Yes, you did, but as Robert Heinlein told us repeatedly, TANSTAAFL. According to the NPR Labs report that 10dB increase also brings with it destructive levels of interference to the analog signals, in some cases affecting up to 30% of the analog coverage area.

It is simply folly to believe that, given the way the FCC has (mis)managed the AM and FM bands over the years, you can cram more and more carriers at ever increasing levels into already overcrowded bands and not know that somewhere, somehow, something's gotta give. It may not be the case where you live and work, but given short-spacing on FM and skywave interference on AM in large areas of the country, trying to introduce HD carriers into bands not designed for them just isn't going to work without seriously damaging what's already there: the analog signals from which the radio business makes its money.
 
rbrucecarter5, I would respectfully submit that you didn't prove that HD won't penetrate "as well as analog fm stereo". Instead, it seems to me that you proved it's penetration is just as poor as analog fm stereo. Not quite the same thing, but still you raise a valid point.

If the HD experience has taught us anything, it's that in the real world things often (usually, perhaps) don't work as lab experiments would suggest. After all, the current HD spec on FM was supposed to have been sufficient for comparable coverage/penetration. We know how that worked out.

Still, HD on FM IS receivable to great distances with the use of a decent antenna. In fact, in my experience, digital radio is far more reliable, and to greater distances, than DTV using the same antenna/rotor/preamp. Not a ringing endorsement to anyone in a rural area who, like me, has found DTV to be EXTREMELY lacking in coverage/penetration in comparison to analog. YES DTV looks and sounds FAR better than analog tv...WHEN IT WORKS. But it doesn't work a significant portion of the time (in my location, 40-60 miles from the closest DTV transmitters). HD on FM is rock-solid to far greater distances. Of course, with an indoor antenna that's not properly configured, both are pretty worthless.
 
Mike Walker said:
sounds FAR better than analog tv...WHEN IT WORKS. But it doesn't work a significant portion of the time (in my location, 40-60 miles from the closest DTV transmitters).

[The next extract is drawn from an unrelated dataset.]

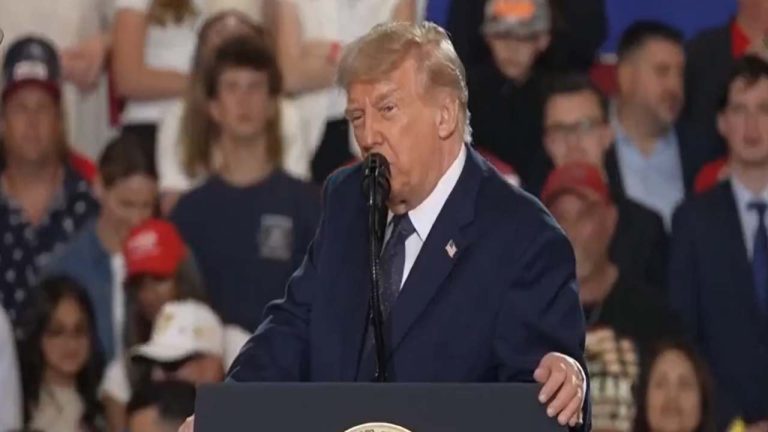 Trump: ‘‘నన్ను మూర్ఖుడని అనొద్దు.. తెలివైన నియంత అనండి’’.. ట్రంప్ సంచలన వ్యాఖ్యలు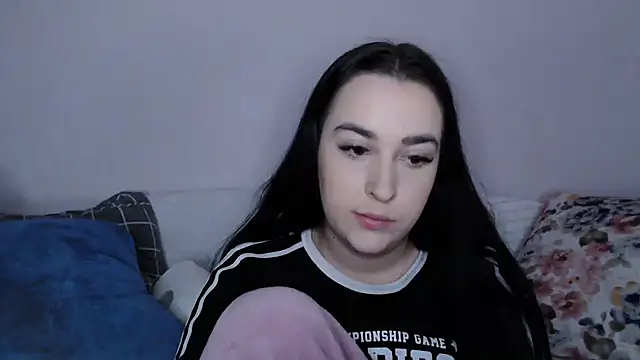 Snapshot of vitalina_freedom chatting on December 2024 10:05:02 AM vitalina freedom online show from December 2024 10:05:02 AM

HD on FM is rock-solid to far greater distances. Of course, with an indoor antenna that's not properly configured, both are pretty worthless.

One user is reporting 84 miles with a dipole on Houston stations. I've personally done 70 miles with a dipole on Dallas stations. How much freakin' coverage do the HD folks want? Even with the vast land areas covered by Houston and Dallas FM, by the time you are that far out, cows outnumber people per square mile.